Exactly the lines below starting at the line with "Tatiana si Adrian Ernuteanu" and ending at the line with "Véhicule occasion 1234311" are wanted, with both ends included. Leave out the pictures and add no other lines.

— Data to use —
=-=-=
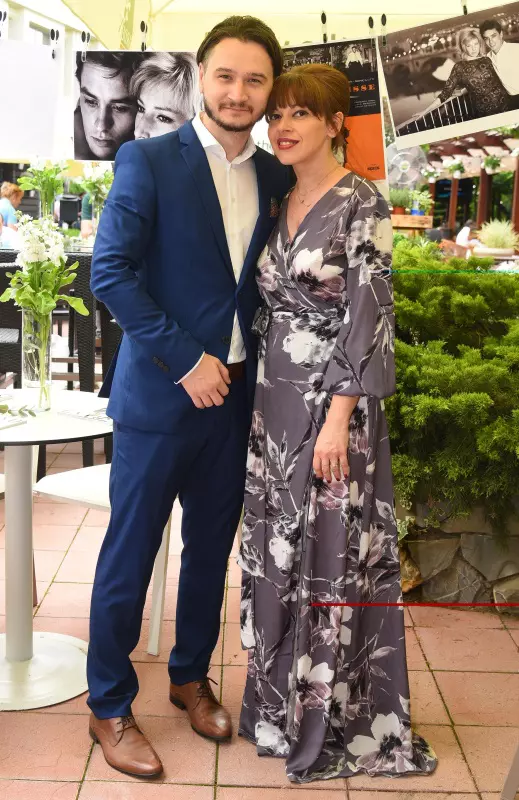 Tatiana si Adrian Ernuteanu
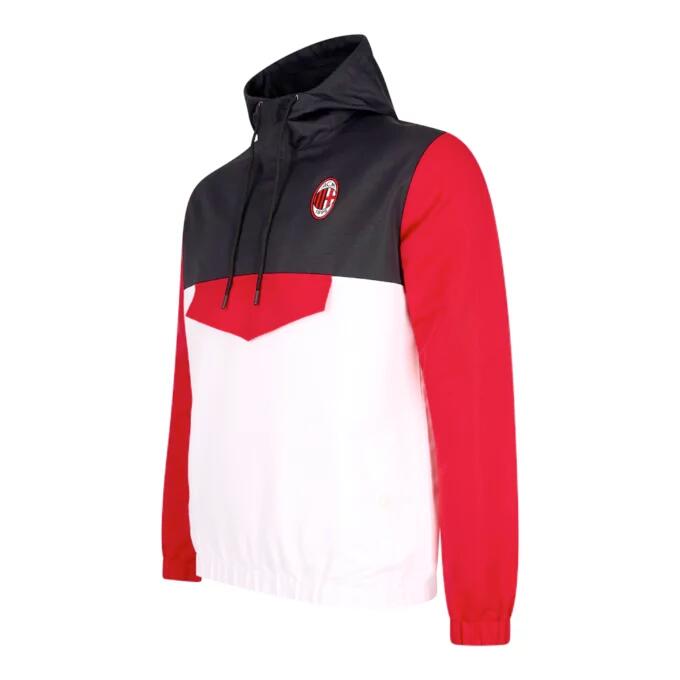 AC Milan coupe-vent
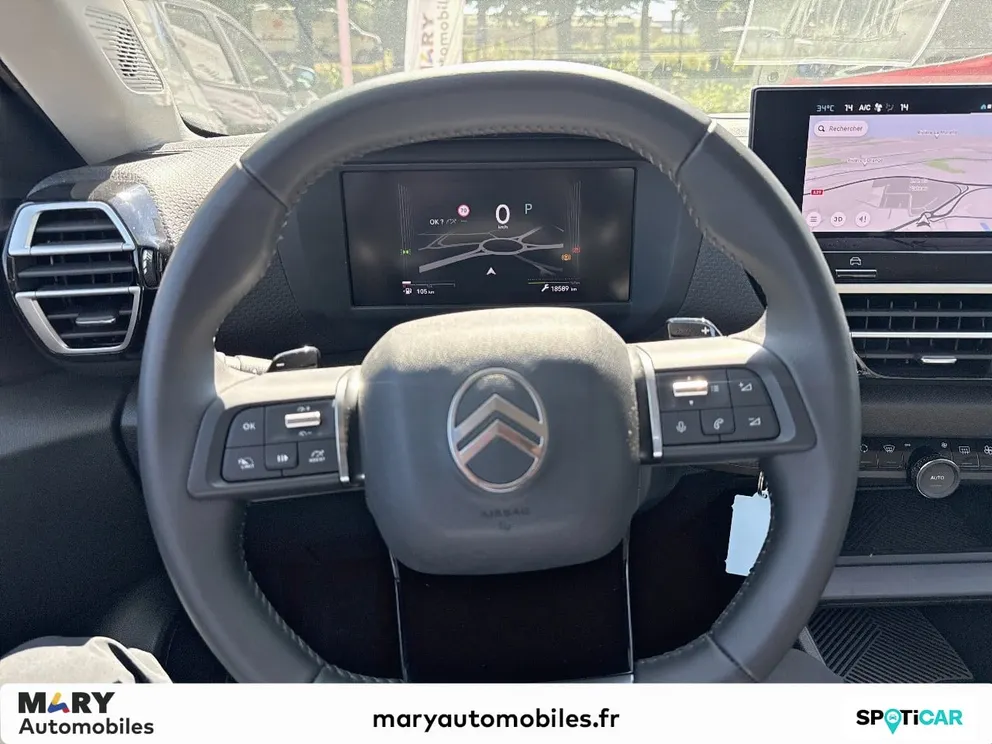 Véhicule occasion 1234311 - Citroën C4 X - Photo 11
=-=-=
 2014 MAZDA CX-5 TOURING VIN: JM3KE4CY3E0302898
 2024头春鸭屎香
=-=-=
— Task output —
 Tatiana si Adrian Ernuteanu
 AC Milan coupe-vent
 Véhicule occasion 1234311 - Citroën C4 X - Photo 11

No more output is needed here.